Pour commencer, quand on réalise des tests et que l'on
dépiste des cancers de la prostate, seuls la moitié ou les
2/3 d'entre eux sont théoriquement curables. Les autres sont
déjà étendu et ne peuvent être guéris. Dans ces cas là, on a
probablement fait plus de mal que de bien en faisant un
dosage des PSA. Si cela vous arrivait, je devrais vous dire
"désolé M. DUPONT, vous avez un cancer de la prostate mais
nous ne pouvons vous guérir. Si nous n'avions pas fait de
prise de sang, nous n'aurions probablement rien su de votre
cancer pendant des mois ou des années, car certaines de ces
tumeurs évoluent lentement. Si, plus tard, vous présentez
des symptômes gênants, nous pourrions certainement les
traiter. Parallèlement, je serais heureux de vous revoir de
temps en temps pour vous aider à vous faire à l'idée que
vous avez un cancer inopérable.
- Mais qu'est-ce qui se passe avec les cancers opérables ?
Je commence à m'apercevoir qu'il ne doit pas y en avoir
beaucoup, mais vous avez dit que cela existe.
- Il y en a en effet. Je pense que certaines personnes
peuvent être guéries, mais là encore demeurent certaines
incertitudes. Voyez vous, certains cancers de la prostate
n'évoluent pas, ou évoluent si lentement qu'ils ne vous
gêneraient jamais. Ceux-ci ne nécessitent aucun traitement.
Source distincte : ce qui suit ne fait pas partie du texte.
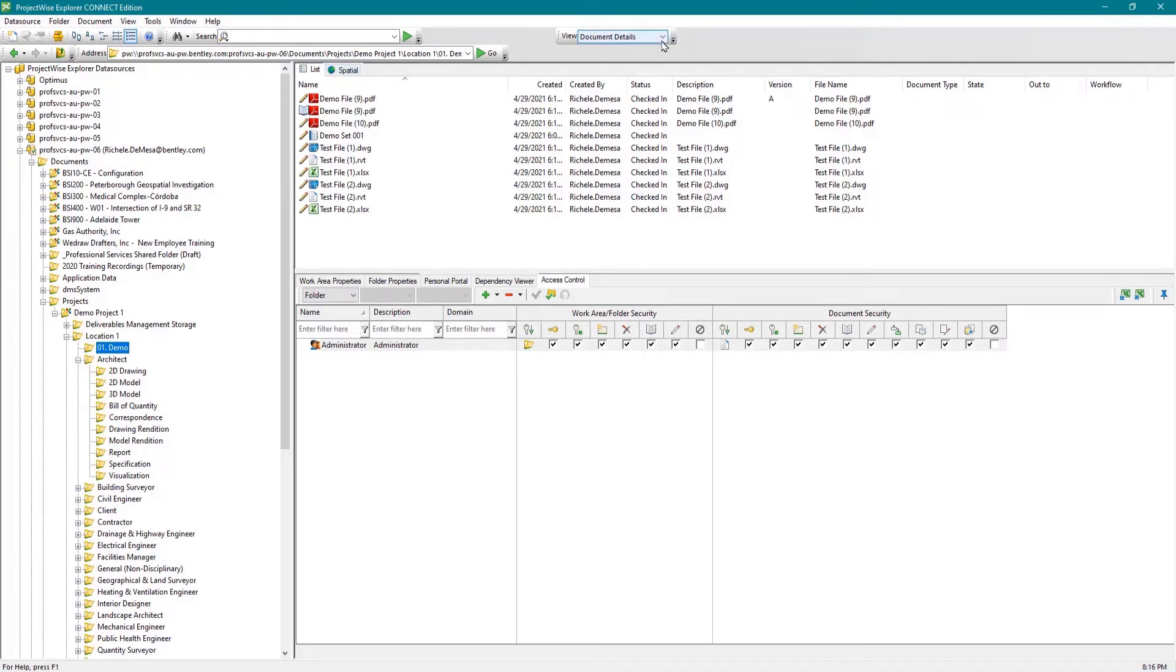If the toolbar is already open, you can use the dropdown list to select the desired view.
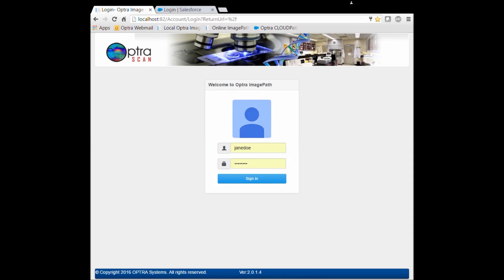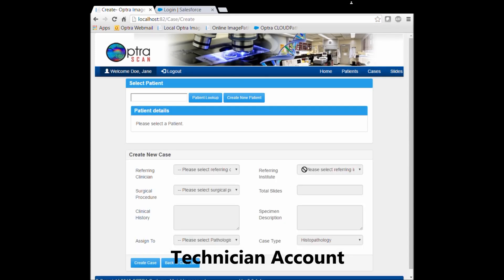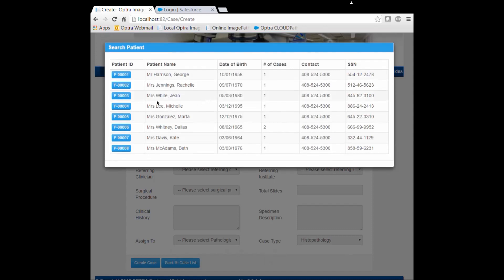ImagePath is our web-based image management system, which gives pathologists a holistic view of patient and experimental cases. We've designed this system to simulate conventional pathology laboratory workflow, wherein a technician can easily access scanned tissue images and assemble them into cases for pathologists to review.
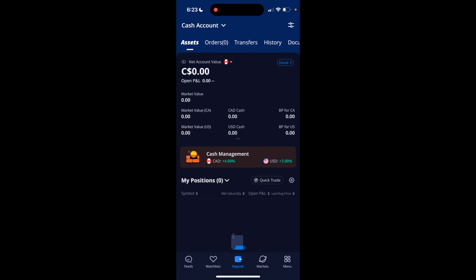So in this Webull tutorial video, I am going to be showing you guys how to reset a paper trading account on Webull.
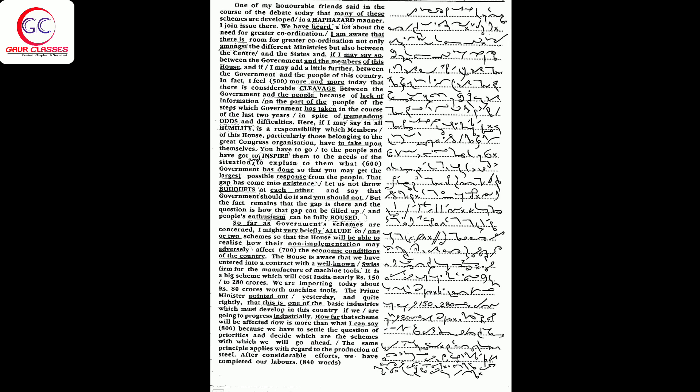I am aware that there is room for greater coordination, not only amongst the different ministries but also between the center and the states, and if I may say so, between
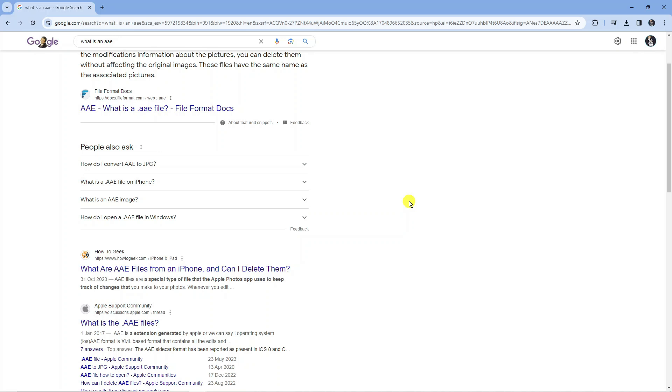I just wanted to put this out there to advise you guys that this is not something you can do, as an AAE file is just an information document, it's not an actual photo file extension type.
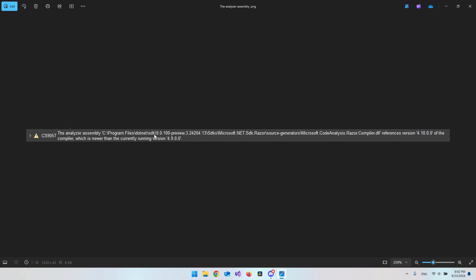So I just took a screenshot of the error. It says the analyzer assembly and then a path references version 4.10 of the compiler which is newer than the currently running version 4.9.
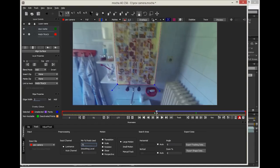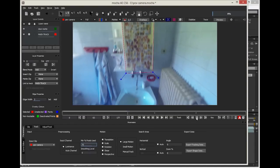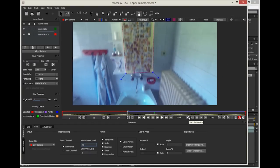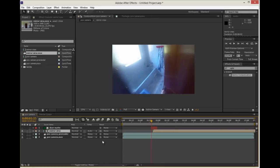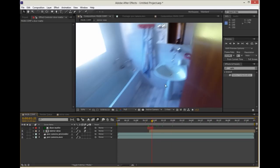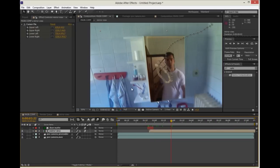Hey guys, I'm Michal Fiebeck and in this tutorial we are gonna create a simple point of view mirror effect with After Effects and Mocha.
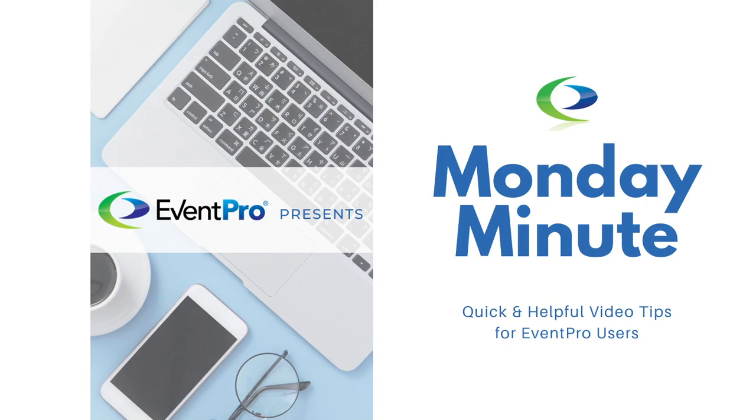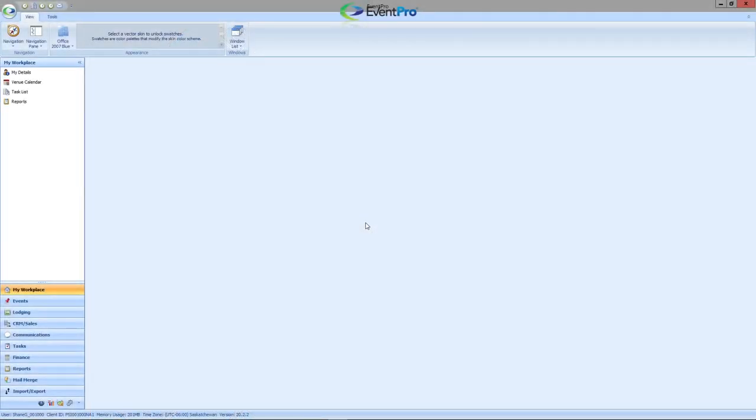Today, I'm going to be discussing My Workplace. This is a tab that will provide you with a list of all your favorite areas within EventPro.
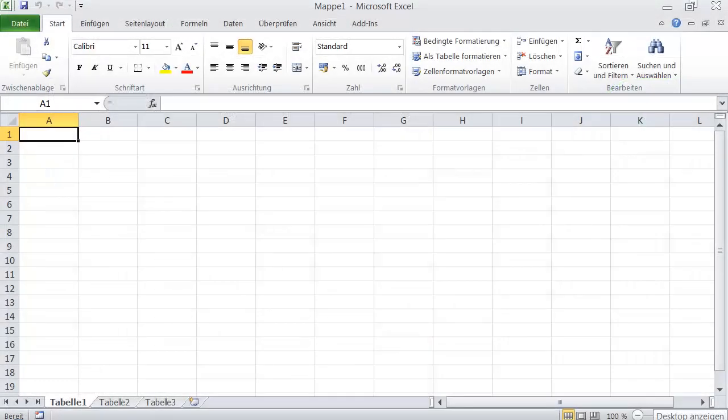Hello and welcome to my screencast. In this video I will show you how to change the display language in Excel from one language to another one.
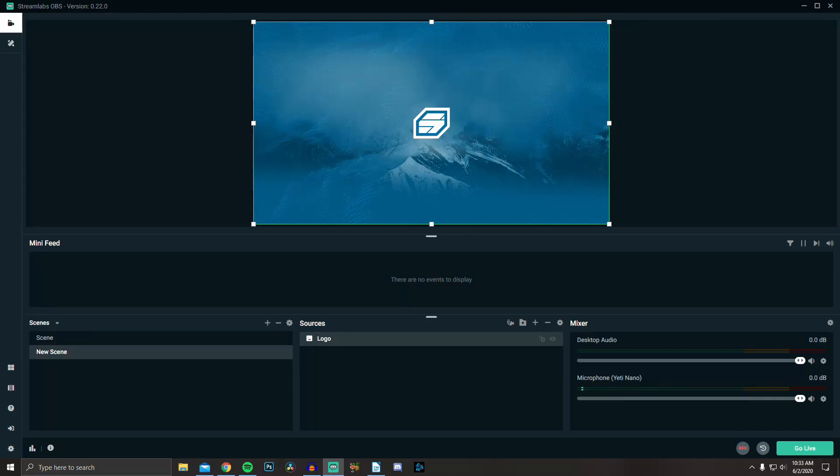What's up guys, my name is Joe, and today I'm going to show you how to make your audio sound as good as possible in OBS and Streamlabs.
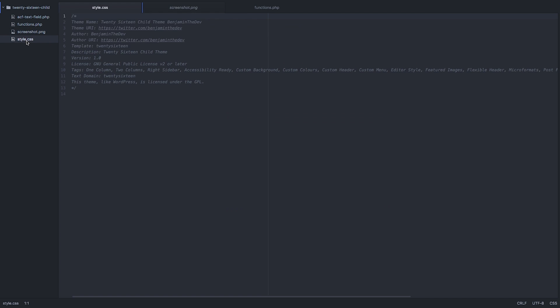You set up a style file and put in some information - for example, the theme name, the theme URI which goes to my Twitter, author which is me, and the URI again.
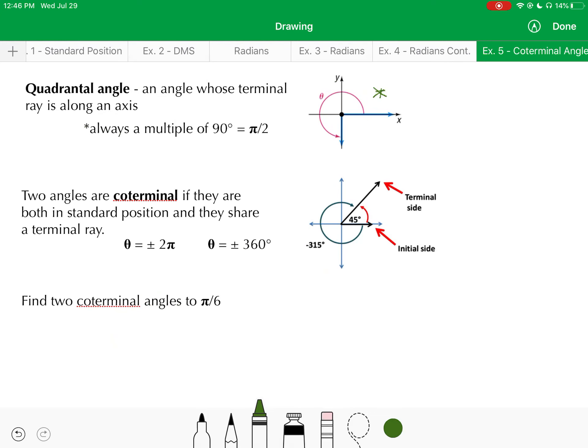Now let's talk about some special angles — quadrantal angles. Quadrantal angles are angles whose terminal ray lies along an axis, either the x-axis or the y-axis. For example, a 270-degree angle is quadrantal since the terminal side is on the negative y-axis. Quadrantal angles are always a multiple of 90 degrees or π over 2.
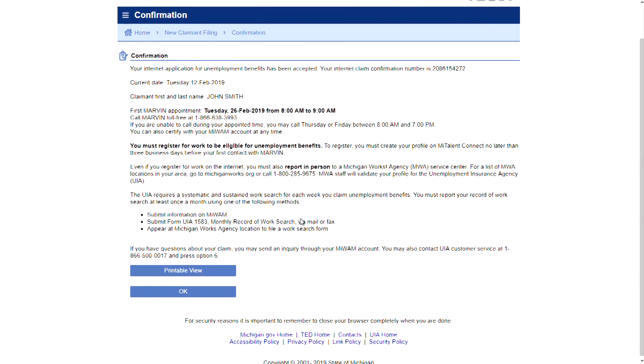Your confirmation page is displayed. This includes your confirmation number and the date and time to complete your first certification. You can print this page for your records. Click OK to proceed.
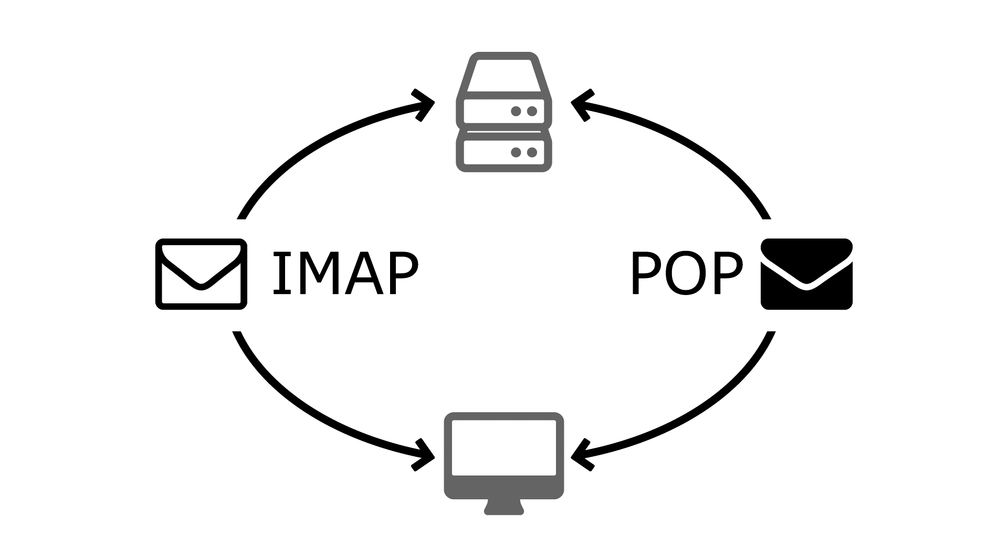IMAP and POP are both used to access email on an email server, however there are some key differences between the two. This video will explain those differences and why IMAP is a better choice.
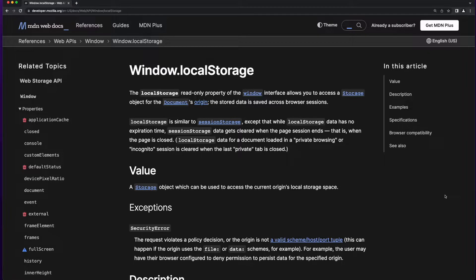Hi, welcome to this video where we'll look into the browser window's local storage property to persist data between user sessions. On this page on the Mozilla Developer Network site, it tells us that local storage is a read-only property of the browser's window which allows us to persist data between user sessions based on the origin of the site serving the web page the user is viewing.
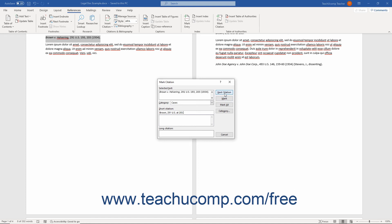Alternatively, to mark the selected citation and all the long and short citations in the remainder of the document that match the entries in the selected text and short citation fields, click the Mark All button instead.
Mais nous n'avons aucun moyen de dire lequel de ces cancers,
petit ou précoce, évoluera ou pas. En fait, à l'exception de
quelques urologues anglais ou suédois, on les traite
habituellement tous et ce traitement est loin d'être sans
risque.
- J'allais justement vous en parler. Comment faites vous
donc pour traiter le cancer de la prostate ?
- Il y a deux façons de traiter un cancer de la prostate
débutant avec l'intention de la guérir. L'une est la
radiothérapie, l'autre est la chirurgie radicale de la
prostate. Commençons par parler de la chirurgie. Un certain
nombre de complications peuvent survenir, mais je ne citerai
que les principales : certains patients meurent de
l'opération, leur nombre varie d'un hôpital à l'autre mais
la moyenne est de 1%. Par ailleurs, 5% des opérés auront une
incontinence urinaire définitive et 30% resteront
impuissants.
- Ben dites donc, ça parait pas très encourageant. Dites moi
docteur, tout ce machin devient impossible, que pensez vous
que je doivent faire ?
- Je sais que nous sommes maintenant sur ce sujet depuis un
bon moment, mais si vous souhaitez prendre une décision
rationnelle et éclairée, vous avez besoin d'informations, et
vous ne les avez pas encore toutes.
- Ah bon ? je trouve que j'en ai déjà trop !
- Je conçois que cela fait beaucoup, mains nous n'avons pas
discuté pour savoir si vous vouliez que je palpe votre
prostate dans le cadre du dépistage du cancer.
- Ce n'est pas vrai, J'ai beau trouver un peu obscur ce que
vous m'avez raconté, je me souviens parfaitement que vous
avez parlé de me mettre le doigt où je pense !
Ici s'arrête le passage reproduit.